La République française a indiqué dans la communication visée dans cette disposition qu’elle retenait ce délai d’un an et, par là même, a réglé de manière exhaustive la question du délai applicable pour demander un relevé de forclusion dans les cas visés à l’article 19, paragraphe 4, du règlement no 1393/2007. Cette règle exclut toute coexistence avec des dispositions du droit national qui, éventuellement, prévoiraient d’autres modalités, telles que, notamment, l’article 540 du code de procédure civile qui, pour le délai du relevé de forclusion, fait référence à la date de la signification du jugement et non – comme le règlement no 1393/2007 – au « prononcé de la décision ». Certes, la Commission a raison de relever que, dans certains cas, le régime du relevé de forclusion prévu par le règlement no 1393/2007 peut être moins favorable au défendeur que celui institué par le droit national. Il s’agit toutefois d’une conséquence inévitable de la communication de la République française dans laquelle celle-ci s’est exprimée en faveur du délai d’un an, et il faut donc l’accepter comme ayant été voulue par cet État membre.

37.

Il y aurait lieu, par conséquent, pour autant que l’article 19, paragraphe 4, du règlement no 1393/2007 est jugé applicable, de répondre à la seconde question préjudicielle qu’il convient d’interpréter ledit article 19, paragraphe 4, en ce sens qu’il exclut l’application des dispositions du droit national concernant la possibilité d’être relevé de la forclusion.

V – Conclusion

38.

À la lumière des considérations qui précèdent, je propose à la Cour de répondre aux questions préjudicielles de la manière suivante :

Il convient d’interpréter l’article 34, point 2, du règlement (CE) no 44/2001 du Conseil, du 22 décembre 2000, concernant la compétence judiciaire, la reconnaissance et l’exécution des décisions en matière civile et commerciale en ce sens que, en tant qu’il mentionne le fait d’être en mesure d’exercer un recours, il vise seulement la situation dans laquelle ce recours peut être exercé dans le délai prévu en droit national, mais non celle dans laquelle, ce délai étant déjà écoulé, il reste toutefois possible de présenter une demande tendant au relevé de la forclusion et, par la suite – une fois celle-ci accueillie – de former le recours proprement dit.
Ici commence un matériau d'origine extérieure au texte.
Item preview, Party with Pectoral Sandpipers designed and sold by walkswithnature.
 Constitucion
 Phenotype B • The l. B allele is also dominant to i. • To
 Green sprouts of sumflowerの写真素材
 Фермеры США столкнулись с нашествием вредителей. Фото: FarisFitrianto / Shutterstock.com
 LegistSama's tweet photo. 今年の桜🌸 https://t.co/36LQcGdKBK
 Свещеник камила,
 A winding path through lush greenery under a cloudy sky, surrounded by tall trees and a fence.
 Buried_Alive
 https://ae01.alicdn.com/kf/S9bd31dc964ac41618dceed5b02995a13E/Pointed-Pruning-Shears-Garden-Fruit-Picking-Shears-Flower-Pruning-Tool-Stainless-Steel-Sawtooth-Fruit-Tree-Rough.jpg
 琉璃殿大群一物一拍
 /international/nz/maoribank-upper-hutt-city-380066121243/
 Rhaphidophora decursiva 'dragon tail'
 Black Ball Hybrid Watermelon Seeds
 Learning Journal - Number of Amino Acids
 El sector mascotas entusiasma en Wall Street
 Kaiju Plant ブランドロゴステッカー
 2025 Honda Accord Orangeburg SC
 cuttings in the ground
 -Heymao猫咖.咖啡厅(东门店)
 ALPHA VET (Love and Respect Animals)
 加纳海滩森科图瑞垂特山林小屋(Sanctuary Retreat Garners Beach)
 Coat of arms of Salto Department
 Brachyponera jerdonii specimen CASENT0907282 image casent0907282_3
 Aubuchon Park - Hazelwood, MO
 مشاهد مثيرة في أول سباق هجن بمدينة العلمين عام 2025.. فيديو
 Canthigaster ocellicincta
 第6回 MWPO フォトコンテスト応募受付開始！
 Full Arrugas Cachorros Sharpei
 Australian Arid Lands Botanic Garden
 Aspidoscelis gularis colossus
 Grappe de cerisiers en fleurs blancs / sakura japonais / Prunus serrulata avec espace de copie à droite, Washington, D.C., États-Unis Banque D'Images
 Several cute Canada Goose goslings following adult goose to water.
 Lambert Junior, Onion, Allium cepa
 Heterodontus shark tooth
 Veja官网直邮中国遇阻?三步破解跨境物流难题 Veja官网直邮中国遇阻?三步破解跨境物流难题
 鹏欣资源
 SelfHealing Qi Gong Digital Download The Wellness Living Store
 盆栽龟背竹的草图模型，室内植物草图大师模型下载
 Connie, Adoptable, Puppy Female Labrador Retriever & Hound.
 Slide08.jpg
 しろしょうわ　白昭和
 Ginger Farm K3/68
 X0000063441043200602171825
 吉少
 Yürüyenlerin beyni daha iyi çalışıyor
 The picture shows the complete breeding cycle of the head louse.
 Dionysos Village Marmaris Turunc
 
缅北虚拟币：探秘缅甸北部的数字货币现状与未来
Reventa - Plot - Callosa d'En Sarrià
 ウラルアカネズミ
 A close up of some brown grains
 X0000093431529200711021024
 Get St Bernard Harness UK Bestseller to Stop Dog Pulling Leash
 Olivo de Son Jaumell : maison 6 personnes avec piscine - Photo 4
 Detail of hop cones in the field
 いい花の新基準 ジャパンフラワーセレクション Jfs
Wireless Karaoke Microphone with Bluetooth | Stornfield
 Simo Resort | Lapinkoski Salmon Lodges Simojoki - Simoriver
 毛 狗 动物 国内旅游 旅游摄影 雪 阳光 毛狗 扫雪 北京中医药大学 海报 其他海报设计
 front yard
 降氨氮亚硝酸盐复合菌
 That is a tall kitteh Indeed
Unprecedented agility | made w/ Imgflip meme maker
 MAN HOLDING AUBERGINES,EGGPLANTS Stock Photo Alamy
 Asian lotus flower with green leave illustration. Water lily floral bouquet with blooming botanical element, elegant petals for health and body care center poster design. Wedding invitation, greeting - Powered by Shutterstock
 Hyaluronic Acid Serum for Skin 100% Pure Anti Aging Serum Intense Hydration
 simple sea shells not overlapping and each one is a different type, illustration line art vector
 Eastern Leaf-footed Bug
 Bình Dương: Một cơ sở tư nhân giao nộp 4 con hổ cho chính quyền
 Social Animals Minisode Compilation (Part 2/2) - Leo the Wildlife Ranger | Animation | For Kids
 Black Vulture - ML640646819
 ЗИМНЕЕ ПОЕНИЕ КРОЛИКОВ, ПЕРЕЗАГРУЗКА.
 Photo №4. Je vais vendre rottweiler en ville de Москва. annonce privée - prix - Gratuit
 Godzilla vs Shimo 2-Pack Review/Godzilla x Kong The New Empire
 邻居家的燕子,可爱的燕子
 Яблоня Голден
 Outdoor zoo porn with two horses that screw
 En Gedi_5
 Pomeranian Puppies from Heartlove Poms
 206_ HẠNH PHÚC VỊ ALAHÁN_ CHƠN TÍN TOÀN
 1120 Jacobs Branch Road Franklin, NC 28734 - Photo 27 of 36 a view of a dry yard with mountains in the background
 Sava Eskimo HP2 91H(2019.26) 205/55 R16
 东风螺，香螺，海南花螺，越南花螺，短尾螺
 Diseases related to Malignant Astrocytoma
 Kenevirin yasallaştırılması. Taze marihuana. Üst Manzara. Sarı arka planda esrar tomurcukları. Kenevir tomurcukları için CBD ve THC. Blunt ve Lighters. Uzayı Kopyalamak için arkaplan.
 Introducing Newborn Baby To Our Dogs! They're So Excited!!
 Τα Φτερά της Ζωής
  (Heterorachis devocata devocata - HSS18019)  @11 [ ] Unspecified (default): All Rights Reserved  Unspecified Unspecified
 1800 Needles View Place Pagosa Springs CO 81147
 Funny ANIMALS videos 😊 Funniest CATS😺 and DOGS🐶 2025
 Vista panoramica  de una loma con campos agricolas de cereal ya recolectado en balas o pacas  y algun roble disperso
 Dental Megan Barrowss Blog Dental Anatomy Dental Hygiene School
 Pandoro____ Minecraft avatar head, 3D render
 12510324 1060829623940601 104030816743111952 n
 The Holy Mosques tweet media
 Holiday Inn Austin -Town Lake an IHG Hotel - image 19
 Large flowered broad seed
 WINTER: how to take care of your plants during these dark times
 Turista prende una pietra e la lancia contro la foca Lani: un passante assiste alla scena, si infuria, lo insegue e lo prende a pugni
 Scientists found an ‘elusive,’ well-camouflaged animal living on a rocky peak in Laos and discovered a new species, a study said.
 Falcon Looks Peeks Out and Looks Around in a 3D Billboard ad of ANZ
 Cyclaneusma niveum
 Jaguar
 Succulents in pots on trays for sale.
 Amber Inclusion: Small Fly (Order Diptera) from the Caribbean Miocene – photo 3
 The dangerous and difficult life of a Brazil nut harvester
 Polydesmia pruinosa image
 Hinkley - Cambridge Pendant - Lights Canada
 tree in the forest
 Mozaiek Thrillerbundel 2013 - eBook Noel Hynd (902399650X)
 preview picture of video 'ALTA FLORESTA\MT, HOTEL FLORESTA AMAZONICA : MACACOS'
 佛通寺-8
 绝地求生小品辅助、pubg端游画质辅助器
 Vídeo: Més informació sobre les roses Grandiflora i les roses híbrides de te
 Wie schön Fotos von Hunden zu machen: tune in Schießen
Il convient d’interpréter l’article 19, paragraphe 4, du règlement (CE) no 1393/2007 du Parlement européen et du Conseil, du 13 novembre 2007, relatif à la signification et à la notification dans les États membres des actes judiciaires et extrajudiciaires en matière civile ou commerciale en ce sens que, dans le champ d’application de ce même règlement, il exclut l’application des dispositions du droit national concernant la possibilité d’être relevé de la forclusion.


( 1 ) Langue originale : l’allemand.

( 2 ) Règlement du Conseil du 22 décembre 2000 concernant la compétence judiciaire, la reconnaissance et l’exécution des décisions en matière civile et commerciale [JO 2001, L 12, p. 1, dans sa version en l’espèce applicable, modifiée en dernier lieu par le règlement (CE) no 1103/2008 du Parlement européen et du Conseil, du 22 octobre 2008 (JO 2008, L 304, p. 80)].

( 3 ) Voir, à ce sujet, les conclusions que nous avons présentées le 25 février 2016 dans l’affaire Meroni (C‑559/14, EU:C:2016:120).

( 4 ) JO 1972, L 299, p. 32, ci-après la « convention de Bruxelles ». Voir son article 27, point 2.

( 5 ) Règlement du Parlement européen et du Conseil du 13 novembre 2007 relatif à la signification et à la notification dans les États membres des actes judiciaires et extrajudiciaires en matière civile ou commerciale (signification ou notification des actes), et abrogeant le règlement (CE) no 1348/2000 du Conseil (JO 2007, L 324, p. 79).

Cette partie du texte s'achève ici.